■ Problem details
Return the whole of the data exactly.

■ Data shown
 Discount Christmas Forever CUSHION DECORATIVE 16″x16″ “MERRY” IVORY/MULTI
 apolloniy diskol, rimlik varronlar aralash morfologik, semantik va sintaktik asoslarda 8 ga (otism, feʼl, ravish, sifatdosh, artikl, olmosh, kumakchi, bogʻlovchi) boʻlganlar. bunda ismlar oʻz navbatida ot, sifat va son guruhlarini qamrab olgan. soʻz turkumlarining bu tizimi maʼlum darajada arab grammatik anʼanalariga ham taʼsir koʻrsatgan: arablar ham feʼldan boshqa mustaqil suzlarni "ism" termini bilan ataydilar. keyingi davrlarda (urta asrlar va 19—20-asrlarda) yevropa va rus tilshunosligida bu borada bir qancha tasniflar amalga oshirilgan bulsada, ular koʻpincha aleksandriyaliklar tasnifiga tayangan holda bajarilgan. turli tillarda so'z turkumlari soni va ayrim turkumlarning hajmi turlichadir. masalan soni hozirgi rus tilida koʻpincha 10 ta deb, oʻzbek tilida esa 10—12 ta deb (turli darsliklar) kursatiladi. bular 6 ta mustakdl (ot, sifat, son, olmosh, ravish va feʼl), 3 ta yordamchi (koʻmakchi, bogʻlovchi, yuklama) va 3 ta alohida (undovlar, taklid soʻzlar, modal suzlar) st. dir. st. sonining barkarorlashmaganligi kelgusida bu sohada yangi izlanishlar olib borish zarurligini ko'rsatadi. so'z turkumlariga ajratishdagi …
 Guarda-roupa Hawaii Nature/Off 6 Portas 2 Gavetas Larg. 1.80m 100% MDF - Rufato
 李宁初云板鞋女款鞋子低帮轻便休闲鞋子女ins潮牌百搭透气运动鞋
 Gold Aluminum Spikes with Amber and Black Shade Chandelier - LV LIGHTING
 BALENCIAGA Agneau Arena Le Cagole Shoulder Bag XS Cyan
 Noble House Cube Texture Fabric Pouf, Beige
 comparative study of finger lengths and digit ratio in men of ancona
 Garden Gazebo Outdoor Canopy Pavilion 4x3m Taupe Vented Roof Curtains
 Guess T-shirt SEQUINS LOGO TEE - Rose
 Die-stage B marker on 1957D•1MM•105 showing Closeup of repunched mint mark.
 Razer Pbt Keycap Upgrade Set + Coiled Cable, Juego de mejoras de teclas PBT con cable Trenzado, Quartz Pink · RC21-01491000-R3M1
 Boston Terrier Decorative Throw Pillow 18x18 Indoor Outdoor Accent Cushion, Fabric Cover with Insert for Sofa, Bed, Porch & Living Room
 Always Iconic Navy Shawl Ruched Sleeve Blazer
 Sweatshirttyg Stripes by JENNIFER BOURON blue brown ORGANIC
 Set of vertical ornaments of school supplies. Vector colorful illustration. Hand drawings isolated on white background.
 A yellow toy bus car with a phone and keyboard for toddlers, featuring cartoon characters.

■ Answer for this exercise
 Discount Christmas Forever CUSHION DECORATIVE 16″x16″ “MERRY” IVORY/MULTI
 apolloniy diskol, rimlik varronlar aralash morfologik, semantik va sintaktik asoslarda 8 ga (otism, feʼl, ravish, sifatdosh, artikl, olmosh, kumakchi, bogʻlovchi) boʻlganlar. bunda ismlar oʻz navbatida ot, sifat va son guruhlarini qamrab olgan. soʻz turkumlarining bu tizimi maʼlum darajada arab grammatik anʼanalariga ham taʼsir koʻrsatgan: arablar ham feʼldan boshqa mustaqil suzlarni "ism" termini bilan ataydilar. keyingi davrlarda (urta asrlar va 19—20-asrlarda) yevropa va rus tilshunosligida bu borada bir qancha tasniflar amalga oshirilgan bulsada, ular koʻpincha aleksandriyaliklar tasnifiga tayangan holda bajarilgan. turli tillarda so'z turkumlari soni va ayrim turkumlarning hajmi turlichadir. masalan soni hozirgi rus tilida koʻpincha 10 ta deb, oʻzbek tilida esa 10—12 ta deb (turli darsliklar) kursatiladi. bular 6 ta mustakdl (ot, sifat, son, olmosh, ravish va feʼl), 3 ta yordamchi (koʻmakchi, bogʻlovchi, yuklama) va 3 ta alohida (undovlar, taklid soʻzlar, modal suzlar) st. dir. st. sonining barkarorlashmaganligi kelgusida bu sohada yangi izlanishlar olib borish zarurligini ko'rsatadi. so'z turkumlariga ajratishdagi …
 Guarda-roupa Hawaii Nature/Off 6 Portas 2 Gavetas Larg. 1.80m 100% MDF - Rufato
 李宁初云板鞋女款鞋子低帮轻便休闲鞋子女ins潮牌百搭透气运动鞋
 Gold Aluminum Spikes with Amber and Black Shade Chandelier - LV LIGHTING
 BALENCIAGA Agneau Arena Le Cagole Shoulder Bag XS Cyan
 Noble House Cube Texture Fabric Pouf, Beige
 comparative study of finger lengths and digit ratio in men of ancona
 Garden Gazebo Outdoor Canopy Pavilion 4x3m Taupe Vented Roof Curtains
 Guess T-shirt SEQUINS LOGO TEE - Rose
 Die-stage B marker on 1957D•1MM•105 showing Closeup of repunched mint mark.
 Razer Pbt Keycap Upgrade Set + Coiled Cable, Juego de mejoras de teclas PBT con cable Trenzado, Quartz Pink · RC21-01491000-R3M1
 Boston Terrier Decorative Throw Pillow 18x18 Indoor Outdoor Accent Cushion, Fabric Cover with Insert for Sofa, Bed, Porch & Living Room
 Always Iconic Navy Shawl Ruched Sleeve Blazer
 Sweatshirttyg Stripes by JENNIFER BOURON blue brown ORGANIC
 Set of vertical ornaments of school supplies. Vector colorful illustration. Hand drawings isolated on white background.
 A yellow toy bus car with a phone and keyboard for toddlers, featuring cartoon characters.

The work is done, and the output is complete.